The Grammar of Indifference and Democratic Language
While the grammar of concurrence and revolutionary language might be a frightening spectacle, it is the grammar of indifference and the language of democracy that inspires Tocqueville’s most serious misgivings. As we have seen, his analysis of the move from the grammar of difference to the grammar of concurrence focuses largely on France. To look at language in democracy, his attention necessarily turns to America because for Tocqueville, right up to the time of his death, the social condition of France was one of revolution. In America, however, his application of linguistics to history could be continued because there one finds the dogma of equality taken to its limit. In America, scant remnant of aristocracy could be seen clinging to the grammar of difference and the internal logic governing both language and the relations between men was democratic through and through.
What, then, is the character of this grammar? We have seen, in aristocratic times, terms had clear, specific, and stable meanings. “The language of aristocracy,” Tocqueville writes, “ought to be as at rest as are all its other institutions. But few new words are needed, as few new things are made; and even when something new is made, people are at pains to describe it in familiar words whose meaning is fixed by tradition.” 63 And the tradition that informs neologisms in an aristocratic milieu is the classical. If a moment of novelty emerges and existing language is insufficient, “the new expressions invented always have a learned, intellectual, and philosophic character, sure signs that they are not children of democracy.” 64 In democratic times, however, there is much more agitation and innovation and thus an “endless change of language.” 65 Words lose their fixedness and specificity, without which they lose their power of differentiation.
While this fluidity of language gives Tocqueville serious pause, he also sees a kernel of good amidst these shifting linguistic horizons. In fact, he goes so far as to say there is genius in this capacity: “the genius of democracies is seen not only in the great number of new words introduced but even more in the new ideas they express.” 66 This genius, as with most of the positives that Tocqueville sees in the democratic age, is derived of the fact that any movement in language, like any political movement, reflects the liberty of the majority. Tocqueville predicates the good of this on what he calls the “theory of equality applied to brains.” 67 It is, essentially, an application of Condorcet’s Jury Theorem to the world of ideas—the probability that the new ideas are correct rises with increased participation. The problem, however, is not in the factual veracity of the new ideas, but rather in their form. Because most people in democratic times are engaged in trade rather than reading philosophy and studying the classics, “most of the words coined or adopted for its use will bear the marks of these habits; they will chiefly serve to express the needs of industry, the passions of politics, or the details of public administration. Language will spread out endlessly in that direction, but metaphysics and theology will slowly lose ground.” 68 While democracies are ever producing new ideas, the words coined to express them are outside their own tradition. They are stripped of their links with the past, they are incomplete participants in the linguistic history that is bound up with a people’s identity. Democratic neologisms, while expressing the genius of innovation, are, at best, gauche participants in the grammar of difference.

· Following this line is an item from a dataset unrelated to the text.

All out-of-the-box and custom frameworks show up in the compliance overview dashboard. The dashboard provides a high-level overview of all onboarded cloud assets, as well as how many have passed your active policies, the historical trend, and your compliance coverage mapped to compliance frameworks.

For Tocqueville, there is a certain irony to this. Because the typical citizen of a democratic country has no classical education, she knows no Latin or Greek. Hence, she has neither the inclination nor the ability to derive her coinages from the traditional canon. Yet many novel words have classical roots. The reason, Tocqueville suggests, is not a natural inclination. There is no poetic inspiration. Instead, the penchant is much baser: If they do sometimes make use of learned etymologies, it is generally vanity that sends them rooting among dead languages, and not learning that naturally suggests them to the mind. It can even happen that the most ignorant people among them use such derivations most. The very democratic wish to rise above their station often leads them to want to dignify a very mean occupation by a Greek or Latin word. The lower the calling and the more remote from learning, the more pompous and erudite the name found for it. Thus rope-dancers are turned into acrobats and funambulists.
69
The inclination to euphemize low occupations reveals a recurring characteristic of democratic language—the impulse to realize the love of equality. Just as there can be no hierarchy of birth, there can be no hierarchy of endeavor. The garbage collector is no lower, socially speaking, than, say, the professor. All positions are morally equal, and if they seem distasteful, they are ascribed “pompous” names to level them. 70 Hence, garbage collectors become sanitation engineers, lumberjacks are sylviculturalists, and prostitutes are sex workers.

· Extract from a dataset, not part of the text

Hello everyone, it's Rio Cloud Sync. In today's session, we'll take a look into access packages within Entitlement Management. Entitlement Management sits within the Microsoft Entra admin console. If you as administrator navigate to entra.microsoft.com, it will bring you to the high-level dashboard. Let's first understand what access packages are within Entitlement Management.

For Tocqueville, this disconnect with the history and tradition of one’s own language raises some problems. Recalling that language is perhaps the strongest and most enduring link that unites people, when the meanings of words shift constantly and seemingly arbitrarily, the gathering-together character of language can be lost. This is especially possible when the neologisms are themselves abstractions—a problem democratic language inherits from revolutionary language. To demonstrate this problem, Tocqueville gives a few examples. Democratic peoples, he says, have this passion for generic terms and abstract words because such phrases broaden the scope of thought and allow the mind to include much in few words. A democratic writer will freely put “the capabilities,” meaning capable men, without going into details as to what these capabilities are to be applied to. He will speak of “actualities,” thereby including everything taking place before his eyes in one word, and he will use “eventualities” to cover all that can happen in the universe after the moment at which he is speaking.
71
Put otherwise, abstractions distance the speaker from particular people, at particular times, engaging in particular acts. This problem of abstraction is compounded by a problem more specific to democratic language—personification. Whereas abstraction allows for simplification, personification opens the way to removing agency from the human actor altogether. To say, for example, that “society does this,” or in Tocqueville’s example, “the force of things wills that capacities govern,” allows for specific, responsibility-bearing individuals to be sheltered from and indifferent to the lived reality of their particular community. 72 It allows for abstract “society” to bear the blame for a criminal’s action rather than, say, the poor parenting skills of a particular mother and father. Thus, while democratic language provides words for distinguishing new ideas from old, it is not the same as the grammar of difference. There are bonds, but no “bonds of affection.” They connect, but these connections inspire little diligence, no reliance, and no sacred sense of duty between individuals. The words are lifeless and the internal logic of the language opens the way to general social and political indifference.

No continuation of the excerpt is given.